Theo war zum Heulen zumute, gleichzeitig jedoch schwebte er innerlich in einem Vakuum, in dem er von dem gewohnten Leben, das er bis eben noch geführt hatte, ja von der Erinnerung daran, völlig abgeschnitten war. Selbst inmitten solcher außergewöhnlichen Dinge, wie sie ihm in letzter Zeit widerfahren waren, hatte er sich doch weiterhin als ein ganz normaler Mensch empfunden. Das war jetzt wie weggeblasen: Er hatte buchstäblich keine Ahnung, wer oder was er war. Bitter und verwirrt saß er eine Zeitlang schweigend da.

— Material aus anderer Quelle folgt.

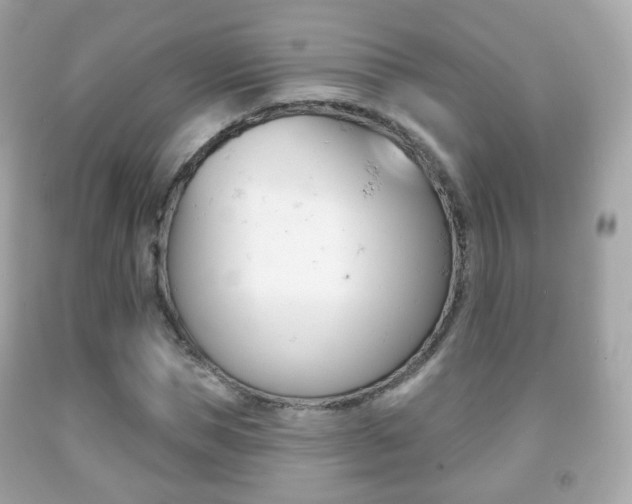 X0000091850921200709050932
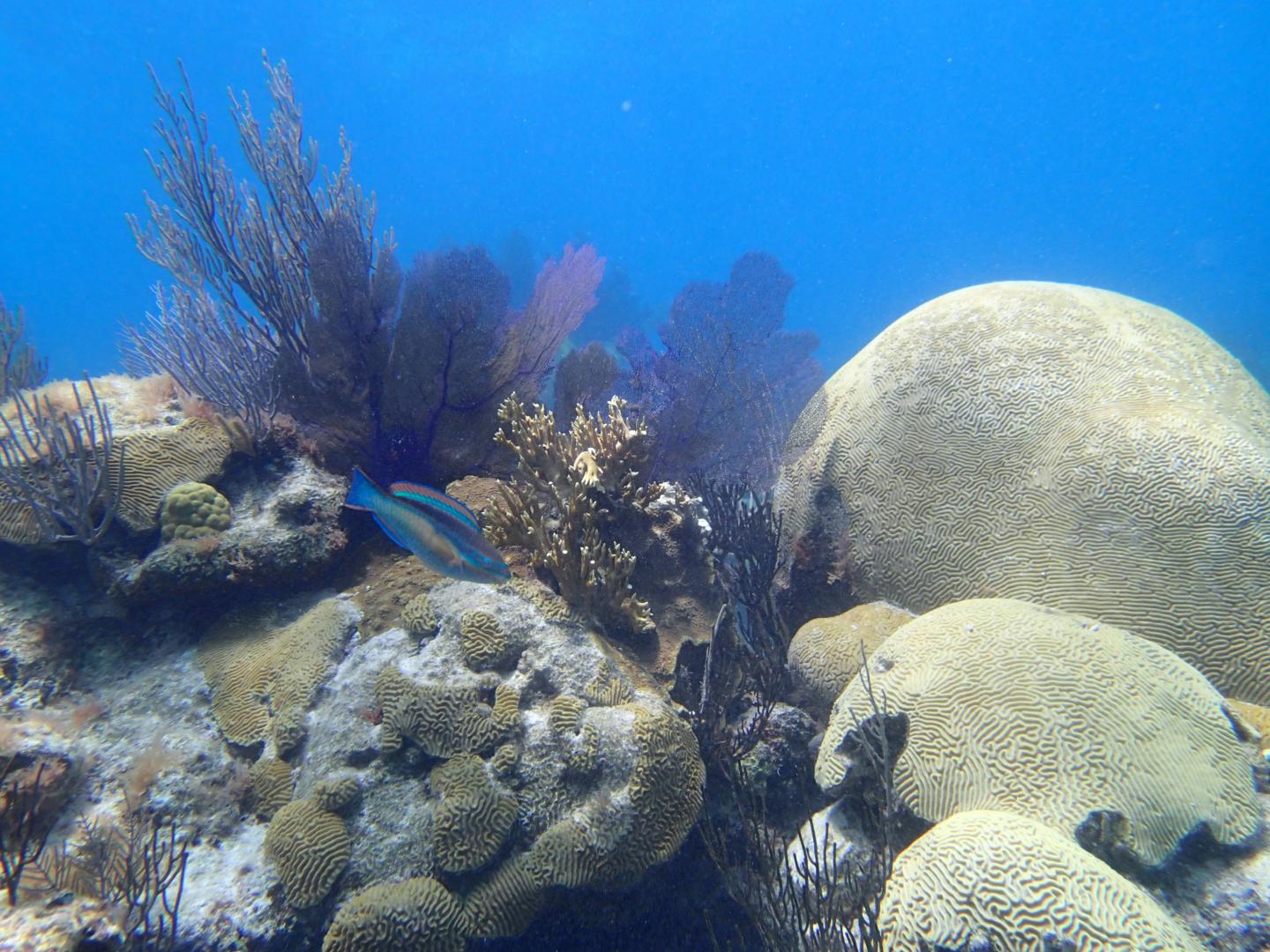 Brain Coral (2 of 2)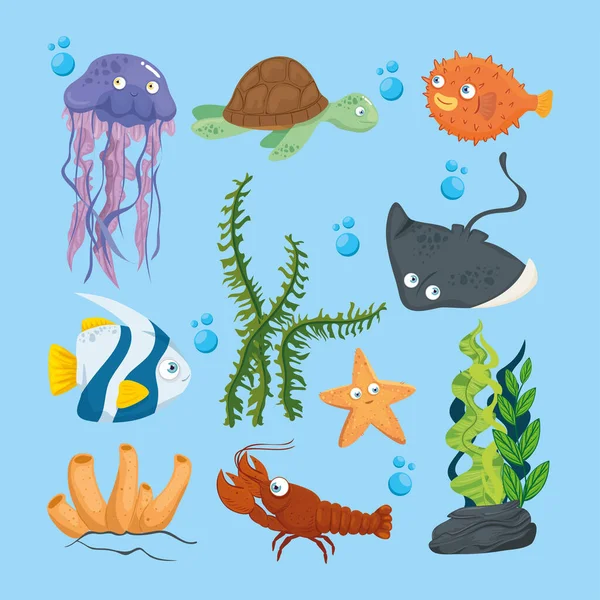 Xxx and wild marine animals in ocean, sea world dwellers, cute underwater creatures, undersea fauna of tropic — Stock Vector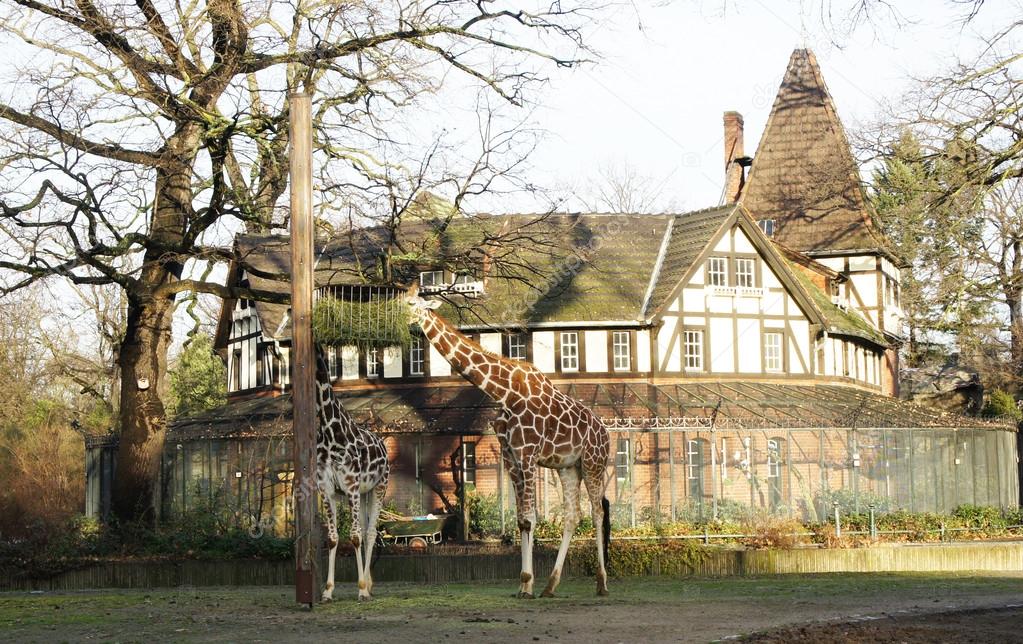 Two giraffes eating food on a background of a large house.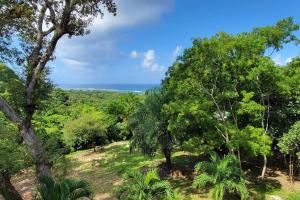 罗阿坦Casa Sueño Caribeño的森林与海洋相映成趣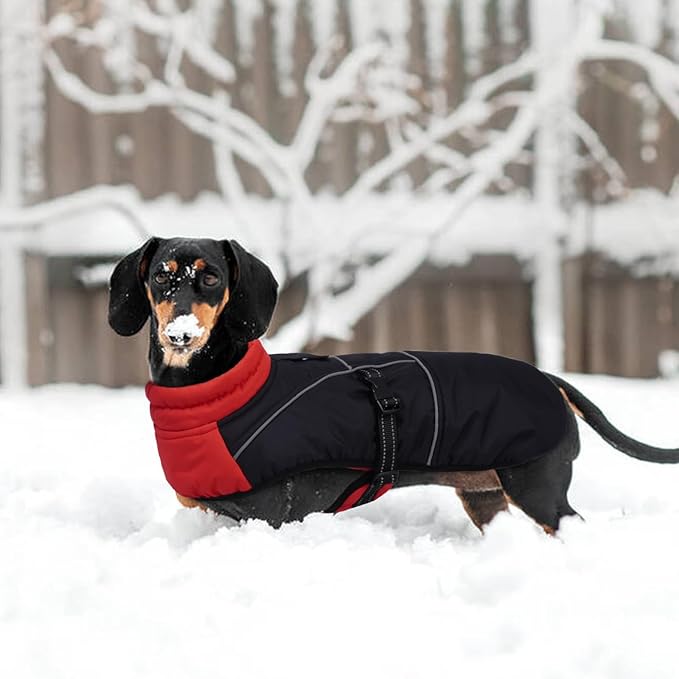 Lelepet Dachshund Coat Warm Dog Winter Coat Waterproof Dog Jacket with Fleece Lining, Reflective Outdoor Dachshund Snowsuit with Leash Hole Adjustable Neckline,Coats for Small Medium Dogs,Red, L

Schließlich atmete er lang und zitternd aus. »Hör zu, ich finde es freundlich, daß du mich aufgeklärt hast und überhaupt, und eines Tages werde ich mich wohl auch dafür bedanken, aber würdest du jetzt bitte erst mal verschwinden? Ich möchte eine Weile allein sein.«
»Gewiß doch. Das verstehe ich.« Wuschel rappelte sich auf, immer noch nicht ganz sicher auf den Beinen. »Tut mir leid, aber ich fand, du solltest das wissen.«
»Genau.« Er brachte ihn zur Tür und hätte gern noch etwas zu dem beklommen auf dem Gang stehenden Querz gesagt, doch ihm fiel nichts ein. Erst als er die Tür zugeknallt hatte, ging ihm auf, daß er die einzige Lichtquelle fortgeschickt hatte.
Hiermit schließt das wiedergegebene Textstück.